L’anthropologue observe dans les mythes ancestraux de toutes origines le même dénouement, à savoir la neutralisation de la violence (cette épée de Damoclès qui plane sur l’Humanité) par le sacrifice d’une victime, appelée bouc émissaire. Sa vertu première est de transformer le tous contre tous en tous contre un. Aux yeux du philosophe, le sacrifice n’est pas une affaire religieuse mais une affaire humaine. Si les hommes vont jusqu’à tuer l’un de leurs semblables, ce n’est pas pour faire plaisir aux dieux ou prouver leur foi, mais pour mettre fin à l’hémorragie de violence qui frappe le groupe, et le menace d’extinction. En proie à une violence meurtrière, les sociétés, les groupes, les communautés, choisissent spontanément, instinctivement, une victime, pour jouer le rôle à la fois de pansement et de paratonnerre. De pansement, parce qu’elle va recueillir en sa seule personne toute l’agressivité diffuse et soigner le mal ; de paratonnerre parce qu’elle sera remobilisée, sous forme symbolique, chaque fois que la communauté replongera dans la violence.
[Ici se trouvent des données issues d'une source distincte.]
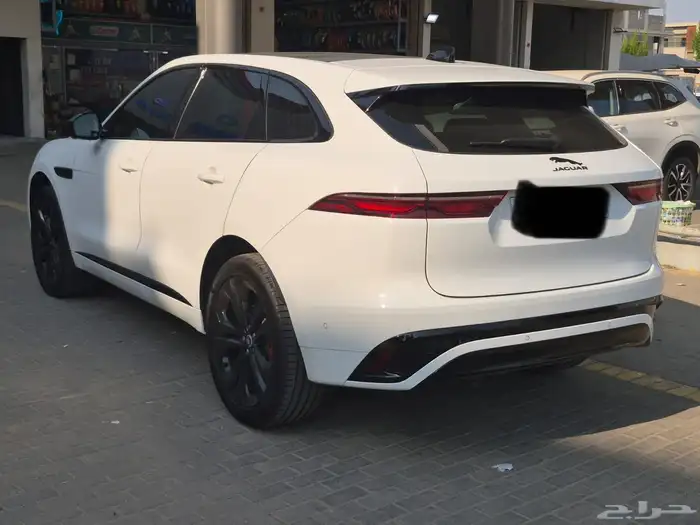 جاكور f pace 2024 27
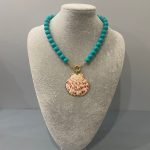 Collana turchese, collana estiva, collana resina italiana, ciondolo grande conchiglia naturale, collana da mare, regalo per ragazza. Collane artigianali di Resina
Le bouc émissaire humain n’est jamais tiré au hasard, ses qualités victimaires le prédisposent à occuper cette fonction :
1/ il doit être à la fois assez distant du groupe pour pouvoir être sacrifié sans que chacun ne se sente visé par cette brutalité et en même temps assez proche pour qu’un lien cathartique puisse s’établir.
2/ il faut que le groupe ignore que la victime est innocente sous peine de neutraliser les effets du processus.
3/ il doit présenter des qualités extrêmes : richesse ou pauvreté, beauté ou laideur, vice ou vertu, force ou faiblesse.
4/ il est en partie consentant afin de transfor mer le délire de persécution en vérité consensuelle.
Le sacrifice du bouc émissaire permet donc à la fois de libérer l’agressivité collective (exutoire) et de ressouder la communauté autour de la paix retrouvée (pacte). Dans l’optique girardienne, le rite sacrificiel est donc une violence ponctuelle et légale dont la fonction est d’opérer une catharsis des pulsions mauvaises sur une victime indifférente à la communauté parce que marginale. Ainsi, se produit, aux dépens d’un être innocent, une sorte de solidarité dans le crime, qu’on retrouve dans les scènes de lynchage dans l’Histoire (pogrom, lapidations, etc.) ou dans la fiction (La Nuit du Chasseur, M. le Maudit). Le bouc émissaire permet par ailleurs d’expliquer l’émergence du Sacré, car, par un retournement paradoxal, la victime se voit divinisée pour avoir ramené la paix. La victime gît devant le groupe, apparaissant tout à la fois comme la responsable de la crise et l’auteur de ce miracle de la sérénité retrouvée.